As an action of the Divine Mercy in history, Mary’s purity is in God as a mutual gift between the divine Persons: from the Father, who wishes who provide a perfect Mother for his Son, and from the Son who wishes to restore to the Father a creation perfectly redeemed, and from the Spirit who cooperates in the will of both. Mary’s Immaculate Conception is no afterthought for a world gone wrong, but the mutual gift of divine love perfectly achieved. 

The Pope tells us that “we need constantly to contemplate the mystery of mercy, which is a wellspring of joy, serenity and peace,” and a bridge connecting God and man, opening our hearts to a hope of being loved forever despite our sinfulness.” But the Holy Year is an occasion “to gaze even more attentively on mercy so that we can become a more effective sign of the Father’s action in our lives.” The ultimate goal being more effective witness through growth in holiness.

Mercy of its very nature is unmerited gift. A gift to truly be a gift must be received and requires a response. And the fitting first response is simply gratitude. Mary the Immaculate Conception is our model. Her gratitude can be summed up in her self-definition as handmaid of the Lord. Thanksgiving for all she has received is expressed in unreserved obedient service, above all in her unbounded “yes” to the request of the angel to be God’s mother and to all that was to follow in her life from that “yes.”  
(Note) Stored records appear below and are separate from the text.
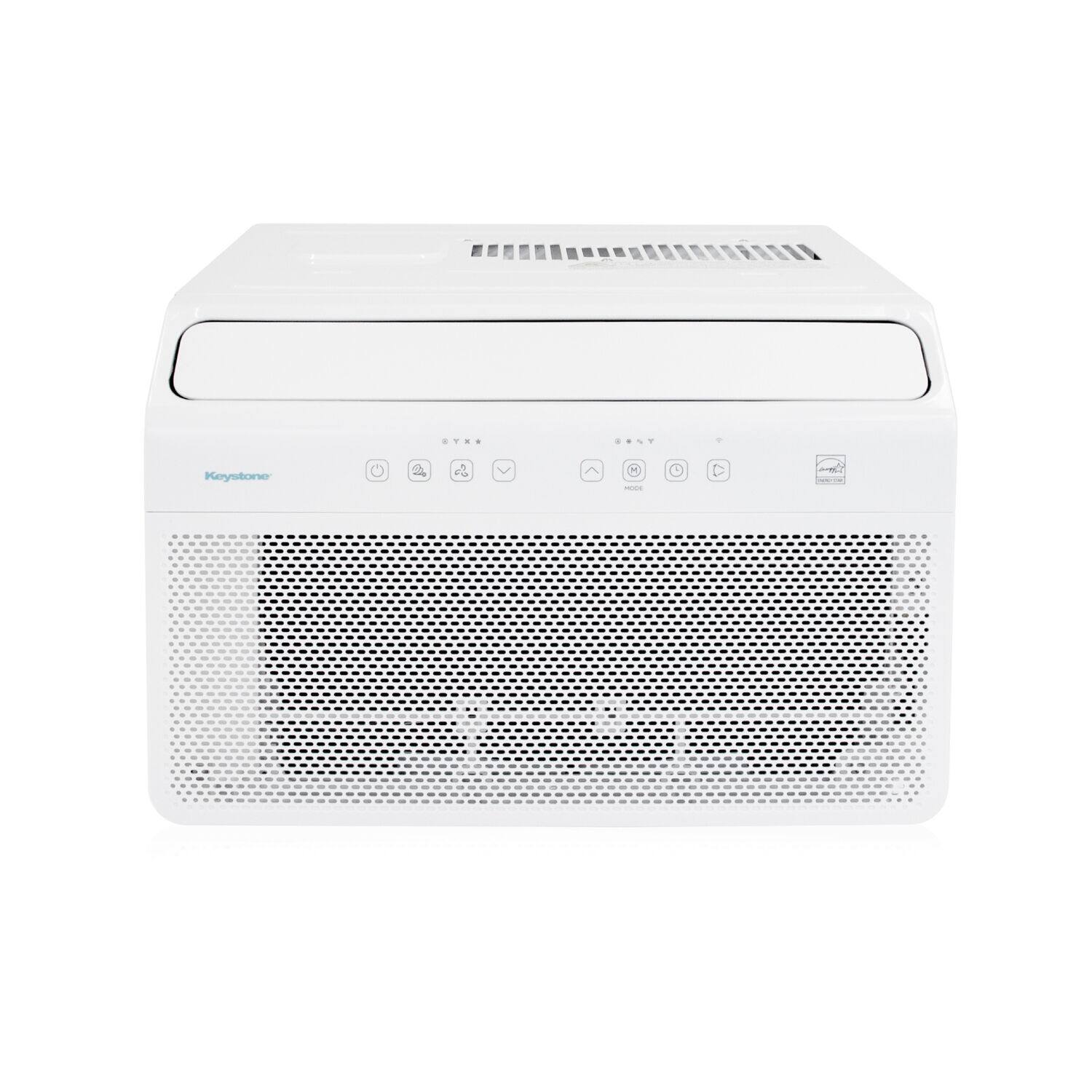 Alt View 11. Keystone - 350 Sq. Ft 8,000 BTU Window Mounted Inverter Air Conditioner with 7,000 BTU Heater Supplemental Heat - White.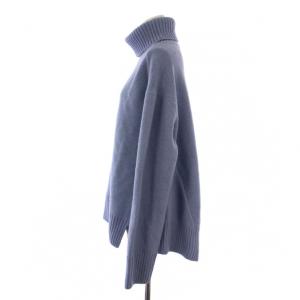 Framework ニット セーター 長袖 タートルネック ウール カシミヤ F ブルー 19080220300030 /BM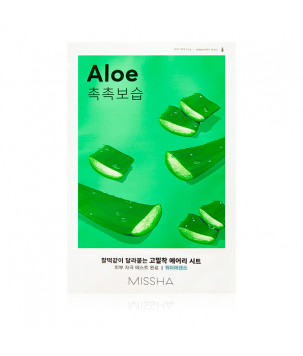 Тканинна маска для обличчя алое Airy Fit Aloe Sheet Mask Missha, 19 мл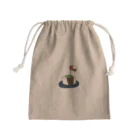 おぺんのおとうふ Mini Drawstring Bag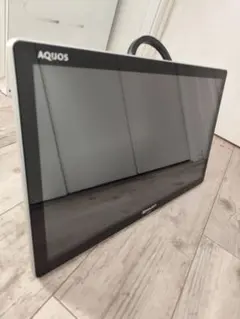 SHARP LC-20FE1 AQUOS ポータブルテレビ 本体　白　画面　TVのサムネイル
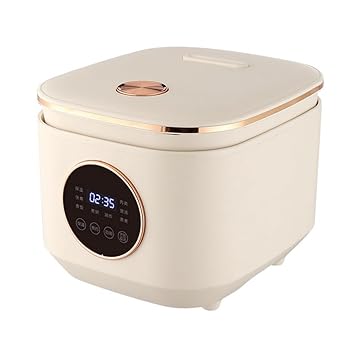 【中古】KCNN 炊飯器 5L コンパクト炊飯器 独り暮らし 110v ミニ炊飯器 おかゆ調理モード 保温予約機能 多機能炊飯器 4つの便利なモード(ご飯、スープ、|AJIMURA-SHOP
Immaculate Conception by Diego Velasquez, Excerpts from Father Timothy's homily at today's Eucharist.

Sunday, December 6, 2015

Advent Discovery

Our yearly celebration of the Advent mystery is a kind of jolt, a reminder that wherever we stand in our commitment to God, there is always room for some adjustment. An important aspect of this growth consist, as it did for John the Baptist's listeners, in the ongoing discovery that our relationship with God is not something static.

It was from God's initiative that the story of each of us began. This takes us back into the depths of God's eternal plan for each of us. God ardently desired this. And he set in motion the great work of our creation as unique images of himself and incorporated us into Christ as members of his Body. God keeps his plan for us going on. But to be sure, our own cooperation is essential. Our principal contribution is to embrace his divine will at each moment. This is the ideal by which Christ himself lived on this earth.

Excerpts from Father Gabriel's homily at this morning's Eucharist.

Tuesday, December 1, 2015

Blessed Charles de Foucauld

Our hearts like that of Jesus, must embrace all humanity. Be loving, gentle, humble, with all human-beings. This is what we have learned from Jesus, not to be aggressive towards anyone.

As we begin the season of Advent, we remember today Blessed Charles de Foucauld (1858-1916) a one-time French soldier and playboy who died as a poor, malnourished hermit in the desert of Algeria. We are inspired by his great simplicity and ardor, as we like him long for the presence of the Prince of Peace . 

Let us concern ourselves with those who lack everything, those to whom no one gives a thought. Let us be the friends of those who have no friends, their brother... I want all the people here, Christians, Muslims, Jews, non-believers, to look on me as their brother, the universal brother. They begin to call my house ‘the fraternity’ and this makes me happy.